Cet arrêt est l’occasion de rappeler la particulière vigilance dont doivent faire preuve les employeurs lorsqu’ils décident de licencier un salarié à l’origine d’une alerte, ou un salarié « facilitateur » ayant aidé le lanceur d’alerte (Loi n°2016-1691, modifiée, 9 déc. 2016, art.6-1), compte tenu du statut protecteur dont ils bénéficient (C. trav., art. L.1132-3-3).
En effet, toute mesure prise à leur égard en méconnaissance de cette protection est nulle (C. trav., art. L.1132-4 ; Loi n°2016-1691, modifiée, 9 déc. 2016, art.10-1), ce qui est susceptible de faire courir un risque financier particulièrement élevé à l’employeur, sans compter les éventuelles peines d’amende et peines complémentaires (Loi n°2016-1691, modifiée, 9 déc. 2016, art.13 et 13-1).

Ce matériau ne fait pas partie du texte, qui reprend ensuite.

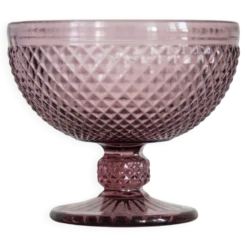 Sucrier vintage en verre violet du milieu du siècle, Italie, années 1960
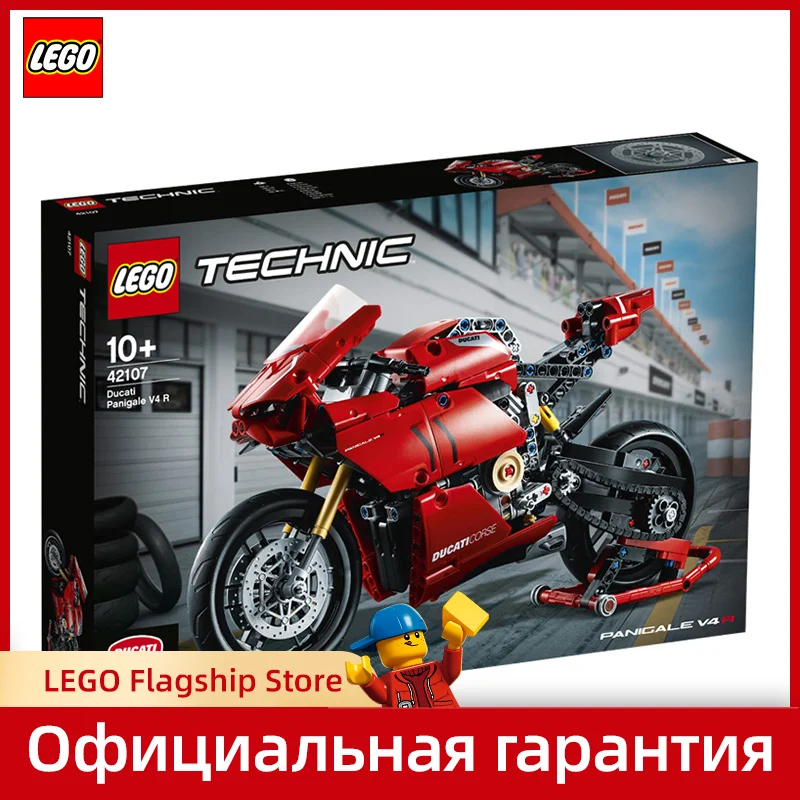 [100%Original]LEGO Technic Ducati Panigale V4 R 42107 Motorcycle Toy  Building Kit,Build A Model Motorcycle (646 Pieces)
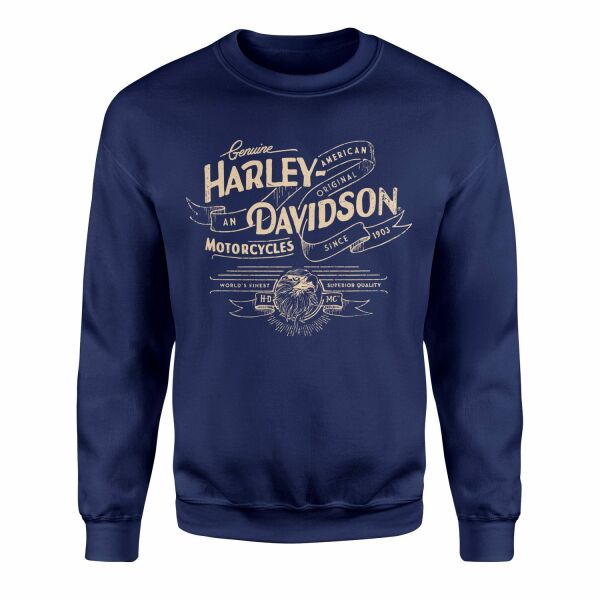 Harley-Davidson XI Sweatshirt S - İndigo Mavisi
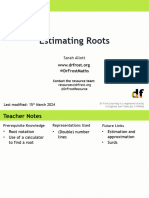 Estimating Roots - Lesson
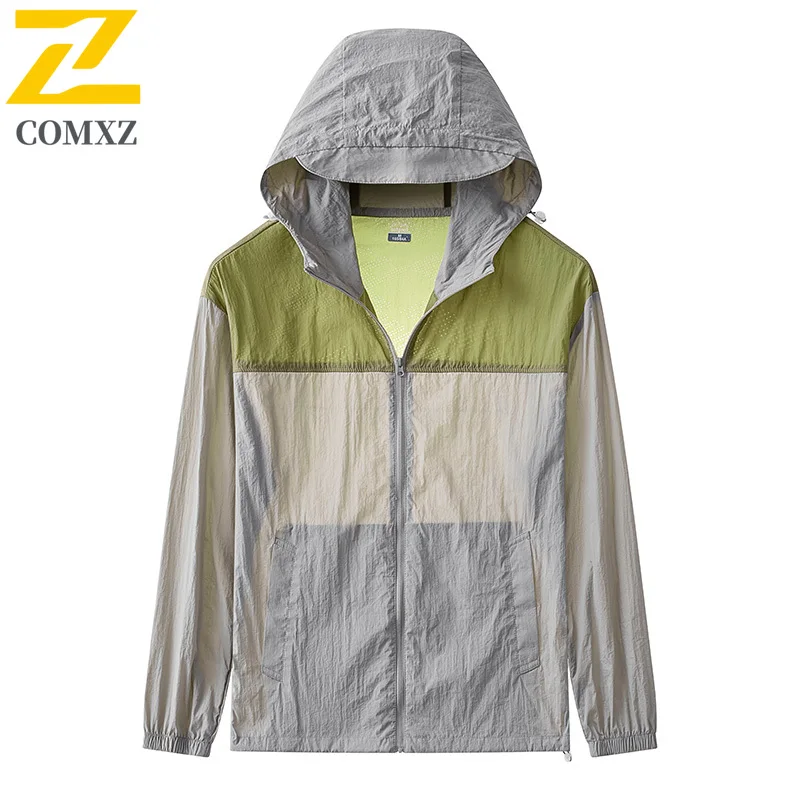 Men's Skin Jacket 2025 Summer New Quick Drying Lightweight Breathable UV Resistant Fishing Jacket Outdoor Cycling Camping Jacket
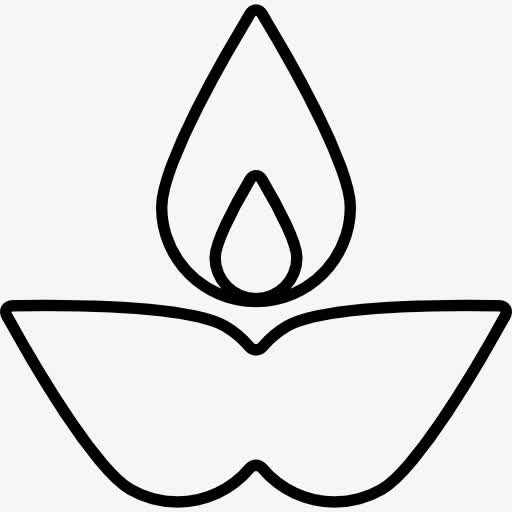 花两瓣图标免抠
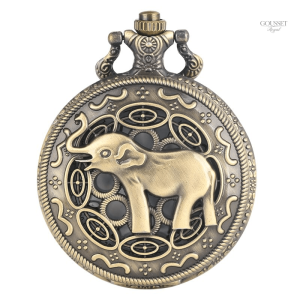 Montre à gousset éléphant pour femme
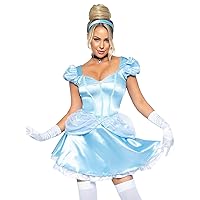 Women's 3 Pc Storybook Cinderella Costume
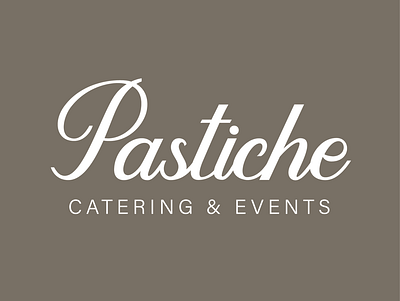 Pastiche Branding branding design illustration logo typography
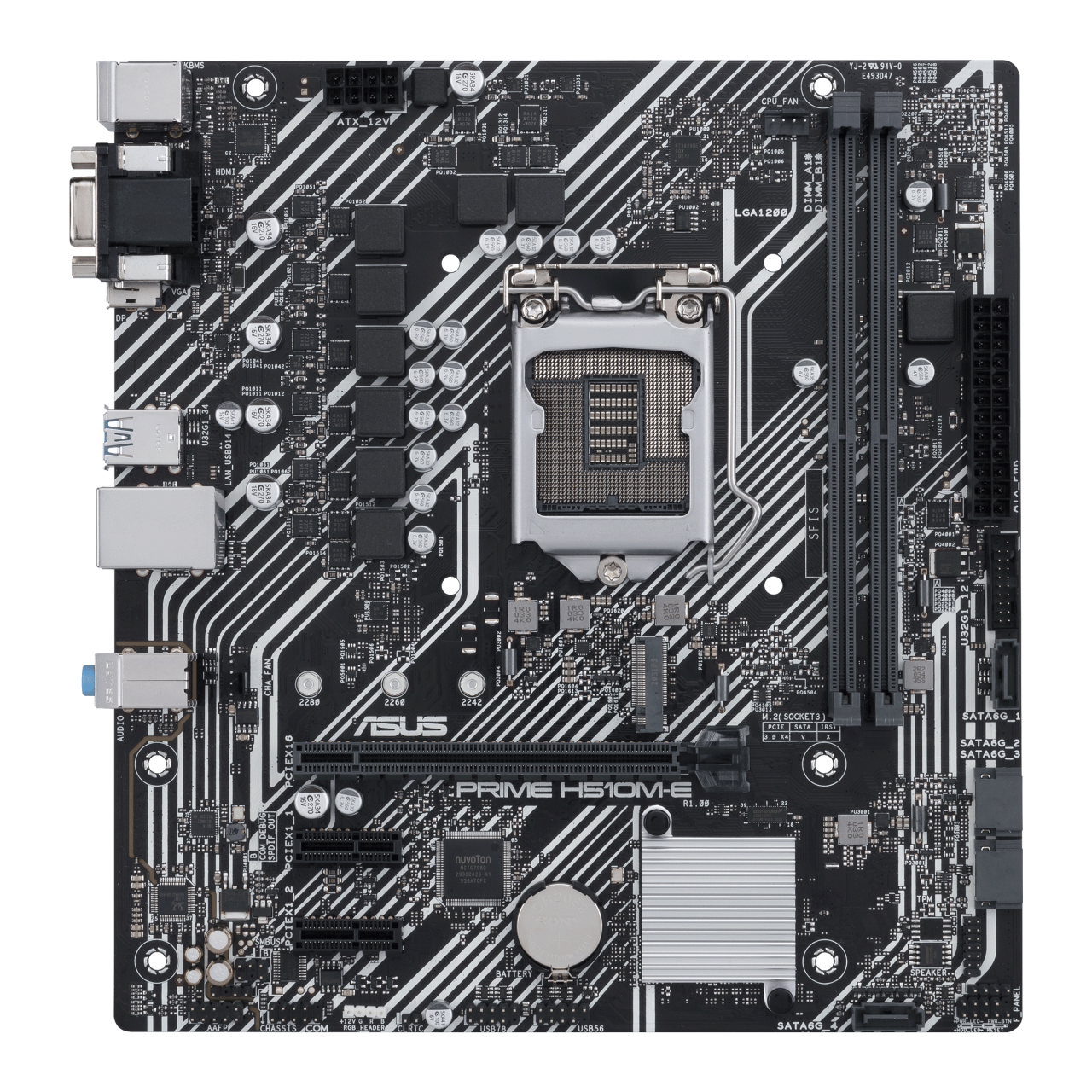 Asus Intel H510 (LGA 1200) Micro ATX Motherboard with PCIe 4.0, 32Gbps M.2 Slot, Intel 1 Gb Ethernet, Display Port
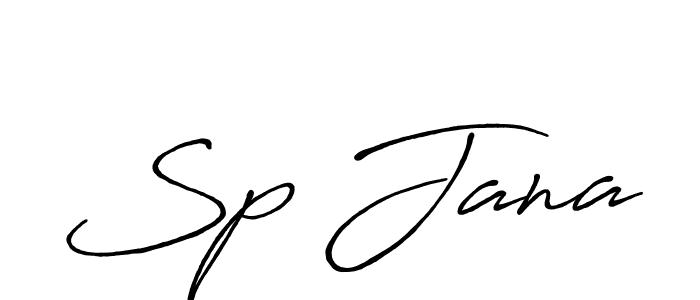 How to make Sp Jana signature? Antro_Vectra_Bolder is a professional autograph style. Create handwritten signature for Sp Jana name. Sp Jana signature style 7 images and pictures png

Dans l’affaire ayant donné lieu à l’arrêt commenté, une salariée avait lancé une alerte, dont le juge des référés avait relevé la bonne foi, qui avait donné lieu à une enquête du comité éthique. Ce dernier avait conclu à l’absence de situation contraire aux règles et principes éthiques le 20 février 2020.
Dès le 13 mars 2020, la salariée avait été convoquée à un entretien préalable. Elle avait finalement été licenciée par courrier du 27 mai 2020 à raison de l’incidence sur les conditions de travail des difficultés relationnelles qu’elle rencontrait avec ses collaborateurs, pairs et supérieurs.
Au cas particulier, la concordance des temps avec la fin de la procédure d’alerte peut constituer un indice de la violation du statut protecteur, ce que devra confirmer, ou non, la Cour d’appel de renvoi.
En pratique, il peut être discuté le fait de débuter une procédure de licenciement à l’encontre d’un salarié bénéficiant du statut de lanceur d’alerte tout juste quelques semaines après que l’alerte ait été « classée » par le service compétent, surtout lorsque le point de départ des faits reprochés remonte à plusieurs années comme cela était le cas en l’espèce.